Basically, the California Supreme Court seconded the Appellate Court’s decision rejecting Catholic Charities’ motion for an injunction against the WCEA, handing Catholic Charities its second straight court defeat.
When the WCEA was winding its way through the legislature in 1999 (it was introduced by Democratic State Senator Jackie Speier, a self-proclaimed “Catholic”), the California Catholic Conference lobbied for the inclusion of an addendum to that bill that would exempt “religious employers” from providing such coverage, if to do so would be “contrary to the religious employer’s religious tenets.” When the WCEA was signed into law, by then-Governor Gray Davis (another self-proclaimed “Catholic”), the addendum was included.
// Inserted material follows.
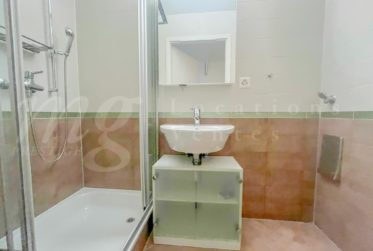 TRES BEL APPARTEMENT DE 7 PIECES AVEC JARDIN PRIVATIF DE 340 m2 - Idéal pour une famille avec 4 chambres à coucher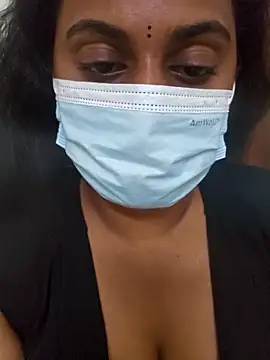 Snapshot of Dheronika_sweetie chatting on April 7, 2026, 1:35 pm Dheronika sweetie online show from April 7, 2026, 1:35 pm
The addendum defined a “religious employer” as “an entity for which each of the following is true: (A) The inculcation of religious values is the purpose of the entity. (B) The entity primarily employs persons who share the religious tenets of the entity. (C) The entity serves primarily persons who share the religious tenets of the entity. (D) The entity is a nonprofit organization as described in…the Internal Revenue Service Code of 1986…,” which reads, “churches, their auxiliaries, and conventions or associations of churches…and the exclusively religious activities of any religious order.”
Catholic Charities, in its corporate code, describes itself as “an organ of the Roman Catholic Church” operating “in connection with the Roman Catholic Bishop of Sacramento,” that “offers a multitude of social services and private welfare programs to the general public, as part of the social justice ministry of the Roman Catholic Church.” These services and programs include “providing immigrant resettlement programs, elder care, counseling, food, clothing and affordable housing for the poor and needy, housing and vocational training of the developmentally disabled and the like.” Good and necessary activities all — noble, even. But compare Catholic Charities’ description of itself with the WCEA’s definition of a religious employer, points (A) through (D) above. Doesn’t jibe, does it?